A Tuléar au sud de Madagascar, l’UMONS crée un Espace des savoirs dédié à la vulgarisation scientifique à destination des jeunes enfants.

Soutenu par l’UMONS et l’Université de Tuléar, ce microprojet vise à créer un lieu structurant propice à la diffusion des sciences auprès des plus jeunes et, progressivement, à professionnaliser la vulgarisation à Madagascar. 

Tous sont mobilisés derrière ce projet ambitieux de transmission et de vulgarisation du savoir… Que ce soit les autorités académiques des deux universités mais aussi les chercheur·es, les étudiant·es et les doctorant·es ou encore les équipes de médiation scientifique du Musée de l’Université de Mons (MUMONS) et de l’ONG Bel Avenir (Tuléar), tous adhèrent à l’idée que la vulgarisation scientifique ne doit être pas un luxe dans un pays à la biodiversité aussi riche.

Leur ambition est donc de nourrir la curiosité des enfants malgaches âgés de 6 à 12 ans, au travers d’activités ludiques de vulgarisation scientifique de qualité, animées par des enseignants, doctorants et étudiants en master de l’Université de Toliara dans une démarche de pédagogie active.

UDEMA - UMONS

Ce microprojet « Espace de savoirs » financé par l’ARES s’inscrit dans une volonté profonde de transmettre autrement, de façonner les esprits jeunes avec bienveillance et ambition, et de créer des passerelles durables entre le monde académique, les familles et les communautés d’horizons sociaux-culturels étendus.

Inspiré d'initiatives similaires vues en Suisse et en Belgique, l’Espace des savoirs sera intégré au sein de l’Université des Enfants de Madagascar (UDEMA) qui, depuis quelques années, organisent des activités de vulgarisation, sous la forme de conférences jeune-public, d'ateliers ou de moments d’échanges.

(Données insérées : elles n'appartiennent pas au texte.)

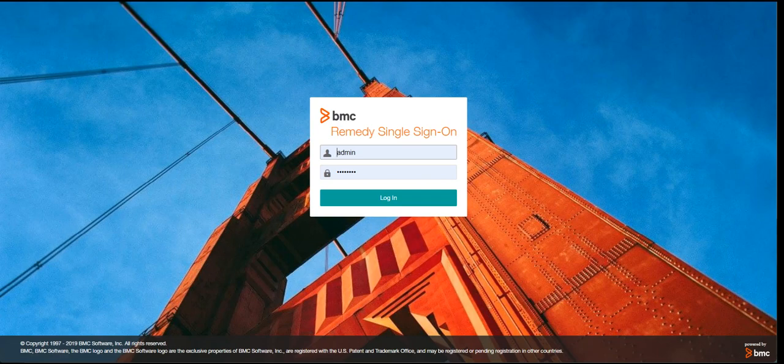Hello guys, welcome to my channel LearnTech. This is Sandeep Kohl here. Today's topic is BMC Remedy single sign-on. We will see how we can access the console of single sign-on, how we configure different types of authentications, how we test it, and how we configure different URLs in it. So this is what we are going to see in today's video. Let's get started.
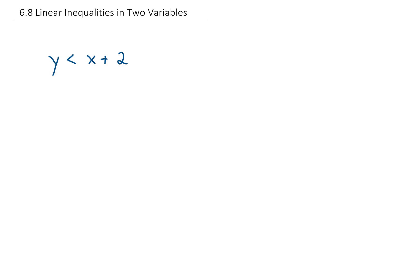Previously we talked about graphing linear inequalities with one variable. Let's do it with two variables. Here's an example: y is less than x plus 2. If we want to graph the solutions to this inequality, the first thing to notice is that there are two variables, x and y. That suggests we're going to be graphing this on an x-y plane.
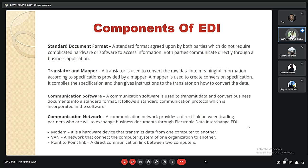The second component is the translator and the mapper. An EDI translator is used to convert raw data into meaningful information according to the specifications provided by the mapper, which is used to create conversion specifications. The third component is communication software, used to transmit data and convert business documents into a standard format. The fourth is the communication network, which provides a direct link between trading partners who exchange business documents through EDI.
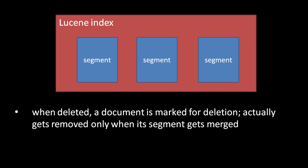And only once that segment is merged does the document's data actually get removed. So documents are actually marked for deletion before they get actually deleted. In either case, once marked for deletion, a document will no longer show up in query results.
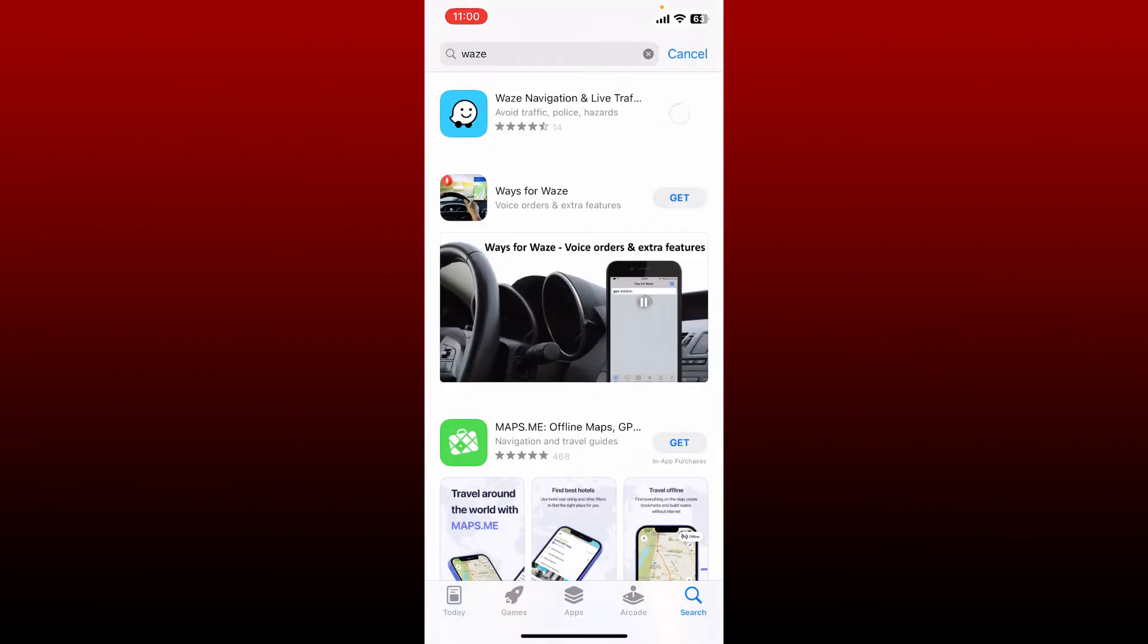Wait for a few minutes until it's done with the update process. Once it is done, you'll be able to see the open button. The updates come with bug fixes and performance improvements for your app.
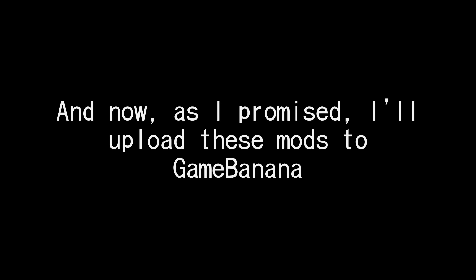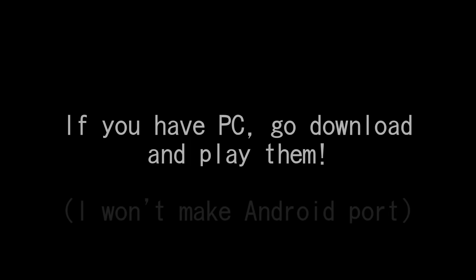And now, as I promised, I will publish all these 5 mods to Game Banana. The link is already in description. If you have PC, go download and play them.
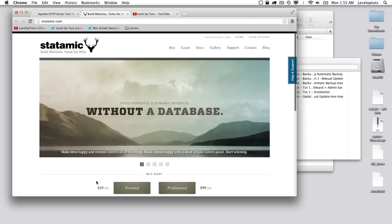Hey everybody, this is Ben Schaaf with Level Up Tuts. Thanks for coming back and checking out this new series on StataMik. So StataMik is a PHP-based content management system that uses no database and flat files to give you a dynamic website.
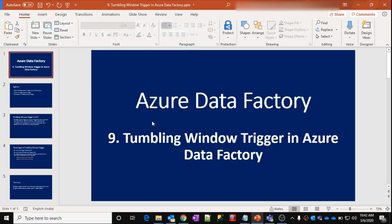Hi friends, welcome to the Azure Data Factory video series. This is part nine. In this video, we are going to discuss about the Tumbling Window trigger in Azure Data Factory. In our previous videos, we have discussed about what triggers are in Azure Data Factory and what a scheduled trigger is, so please watch my previous videos to get a better idea.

Guillaume Caulier, docteur en biologie à l’UMONS, fait des missions scientifiques régulières à Tuléar dans le cadre de ses recherches en aquaculture et en holothuriculture.

 « Je me suis rendu compte que je venais en mission à Madagascar mais que j’étais très peu en contact avec la population malgache, explique-t-il. L’idée m’est venue de sensibiliser les communautés de pêcheurs et, notamment les enfants, via des petites conférences, accessibles et ludiques, comme je le fais à l’Université des enfants à Mons. C’est ainsi que nous avons commencé à collaborer avec les écoles de Tuléar.»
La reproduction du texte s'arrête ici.